------ EXTRACTED RECORDS ------
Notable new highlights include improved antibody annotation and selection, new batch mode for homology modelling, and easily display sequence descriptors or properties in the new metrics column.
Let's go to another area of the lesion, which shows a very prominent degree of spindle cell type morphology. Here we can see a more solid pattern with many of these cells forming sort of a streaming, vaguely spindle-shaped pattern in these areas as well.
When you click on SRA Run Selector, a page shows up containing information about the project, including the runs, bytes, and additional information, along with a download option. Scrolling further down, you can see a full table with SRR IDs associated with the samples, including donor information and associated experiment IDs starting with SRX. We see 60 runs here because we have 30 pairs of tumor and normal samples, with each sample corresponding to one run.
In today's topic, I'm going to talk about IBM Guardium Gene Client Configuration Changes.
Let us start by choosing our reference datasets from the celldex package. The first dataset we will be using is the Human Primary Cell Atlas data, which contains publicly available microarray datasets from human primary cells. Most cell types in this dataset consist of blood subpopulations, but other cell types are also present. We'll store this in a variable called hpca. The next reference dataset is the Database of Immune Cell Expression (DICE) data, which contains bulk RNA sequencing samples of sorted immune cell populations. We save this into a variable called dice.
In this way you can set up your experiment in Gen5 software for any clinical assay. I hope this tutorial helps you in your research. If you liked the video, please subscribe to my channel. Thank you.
------
------ EXTRACTED RECORDS ------
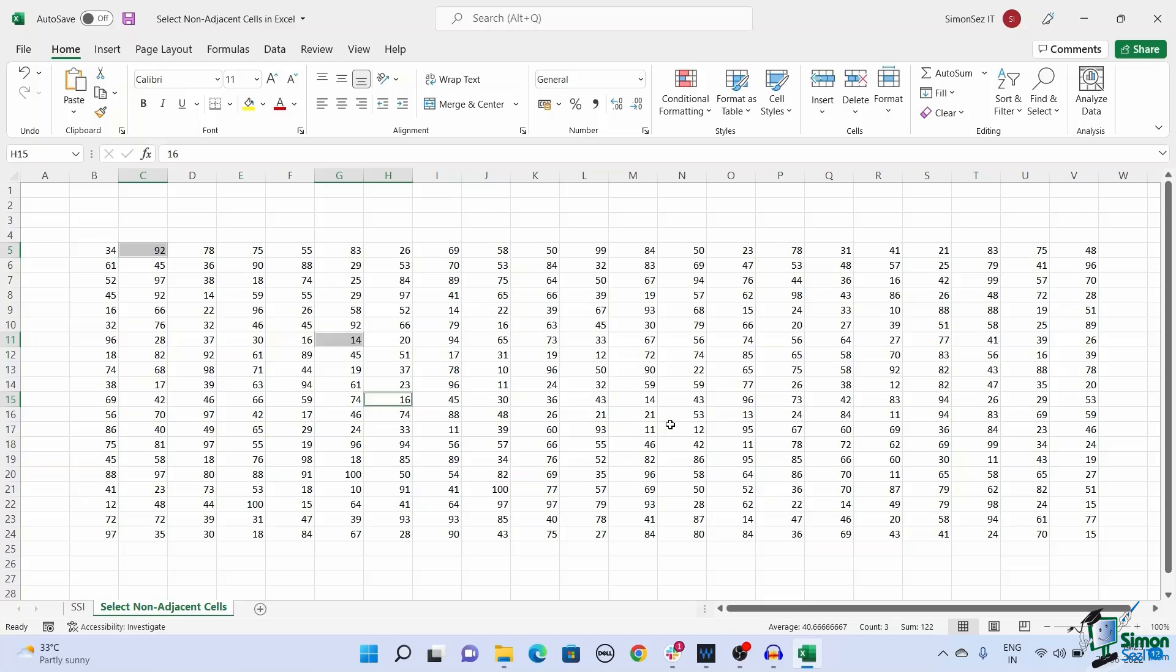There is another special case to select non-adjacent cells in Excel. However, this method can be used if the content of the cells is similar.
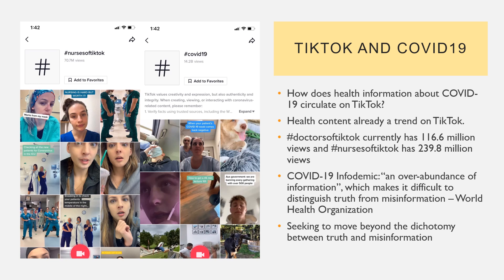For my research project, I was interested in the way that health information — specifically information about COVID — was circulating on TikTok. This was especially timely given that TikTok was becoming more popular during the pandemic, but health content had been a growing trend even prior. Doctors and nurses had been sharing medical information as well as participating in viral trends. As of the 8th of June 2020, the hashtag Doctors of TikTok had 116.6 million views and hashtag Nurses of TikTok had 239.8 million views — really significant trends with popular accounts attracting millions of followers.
------
▶ TASK BRIEF:
Taking the entries above, write out exactly each line from the one holding "Notable new highlights" to the one holding "Let's go to", both included, and stop there.

▶ WORKED SOLUTION:
Notable new highlights include improved antibody annotation and selection, new batch mode for homology modelling, and easily display sequence descriptors or properties in the new metrics column.
Let's go to another area of the lesion, which shows a very prominent degree of spindle cell type morphology. Here we can see a more solid pattern with many of these cells forming sort of a streaming, vaguely spindle-shaped pattern in these areas as well.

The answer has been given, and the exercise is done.